また、追加で書いてみたいことは番外編として記事にしていこうと思います。やる気になれば。
完成した文章ですら、割と編集に時間がかかるので、また新たに浮かんだ思考をまとめるのは何ヶ月もかかりそう。。。
まぁもし記事にする機会があれば呼んでくださいな(*•̀ᴗ•́*)و ̑̑
というわけで、最終章!総括として、まとめちゃいます!
現代の日本では、「アイドル」が毎日のようにテレビのバラエティーやドラマ、歌番組など、様々なところで活躍し、芸能界の大きな一角を担っています。
また、コンサートや握手会が定期的に開かれ、「アイドル」は私たちにとって身近な存在になっているのも特徴的です。
しかし、バラエティーであれば芸人、舞台やドラマ、映画であれば俳優・女優、歌であれば歌手、というように各部門におけるプロフェッショナルともいえる存在がいますよね。
その中で、「アイドル」がプロの実力に及ぶことは難しいにも関わらず、何故「アイドル」という存在がここまで日本文化に浸透し、ビジネスとして成立し、人々に愛されているのでしょうか?
そこでこの論文(何回にも渡って載せた記事)では、序論で提起した「なぜ「アイドル」が人々の心を掴むのか」という問いの答えを導き出すために、様々な角度から見てきました。
というわけで、ここでまず今回記事にしてきた議題をおさらいしていきまっしょい!
第一章では、日本の「アイドル」とは一体何かを追求し、「アイドル」という言葉の誕生とその言葉の意味について調べていきました。
また、日本と海外の文化や趣向の比較を通して、日本の「アイドル」像について迫っていきました。
海外のアイドルファンたちが、「アイドル」に対して、容姿やスタイル、歌唱力などの音楽におけるスキルを求め、完成された「パッケージ(一商品)」として消費しているのに対し、日本のアイドルファンたちたちは、その「アイドル」が苦悩し努力し、マイクを握らせてもらえるようになったなどという物語性に惹かれ、〈物語〉の一部として商品を消費していることが大きな違いとしてありました。

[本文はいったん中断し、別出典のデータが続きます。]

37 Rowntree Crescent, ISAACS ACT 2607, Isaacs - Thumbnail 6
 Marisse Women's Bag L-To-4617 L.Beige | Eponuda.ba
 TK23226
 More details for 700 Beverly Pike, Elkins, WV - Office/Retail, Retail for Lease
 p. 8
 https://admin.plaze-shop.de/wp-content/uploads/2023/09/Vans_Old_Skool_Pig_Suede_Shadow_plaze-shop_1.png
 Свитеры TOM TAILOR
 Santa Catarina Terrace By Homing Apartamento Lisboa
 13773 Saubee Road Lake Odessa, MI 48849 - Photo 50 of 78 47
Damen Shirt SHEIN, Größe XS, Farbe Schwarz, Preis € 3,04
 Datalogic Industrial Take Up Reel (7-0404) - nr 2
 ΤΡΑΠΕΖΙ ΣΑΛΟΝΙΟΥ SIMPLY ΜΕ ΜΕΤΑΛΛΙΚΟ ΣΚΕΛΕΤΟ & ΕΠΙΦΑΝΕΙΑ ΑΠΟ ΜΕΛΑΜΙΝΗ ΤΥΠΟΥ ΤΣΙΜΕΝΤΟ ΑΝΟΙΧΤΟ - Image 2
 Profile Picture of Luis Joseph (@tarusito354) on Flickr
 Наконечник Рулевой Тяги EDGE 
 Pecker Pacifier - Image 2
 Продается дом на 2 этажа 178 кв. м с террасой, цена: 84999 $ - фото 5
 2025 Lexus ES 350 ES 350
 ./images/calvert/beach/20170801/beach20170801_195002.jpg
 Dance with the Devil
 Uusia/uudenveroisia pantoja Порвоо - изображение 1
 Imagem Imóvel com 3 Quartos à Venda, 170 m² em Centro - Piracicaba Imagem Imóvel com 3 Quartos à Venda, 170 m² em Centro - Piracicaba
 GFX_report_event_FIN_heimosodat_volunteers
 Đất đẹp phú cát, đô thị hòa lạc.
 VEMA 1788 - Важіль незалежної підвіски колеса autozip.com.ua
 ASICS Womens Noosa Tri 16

第二章では、「アイドル」の営業戦略について物語消費の説明とともに追求していきました。
「物語消費」とは、実際に〈モノ〉として手に取れる、チョコレートやシールなどのツールを通して、可視化されないその裏に隠された〈物語〉を消費してもらうということを指します。
〈モノ〉を通してでしか消費しえない〈物語〉を消費者に提供しているのです。
また、「日本人はこうあるべきだ」という模範の姿が見えづらくなり、日本経済が発展して「豊かさ」が当たり前の時代になっていくごとに、人々が商品を性能差で選ぶことが難しくなってしまいました。
そこで人々は、商品をイメージ、その背景にある〈物語〉によって選択し消費をするようになったのです。
特に、消費者が「アイドル」を性能差で選ぶことはきわめて少なく、「アイドル」自身の人生、成功までの道のりの背景が描かれている〈物語〉の要素が商品の選択において非常に重要視されることが多いです。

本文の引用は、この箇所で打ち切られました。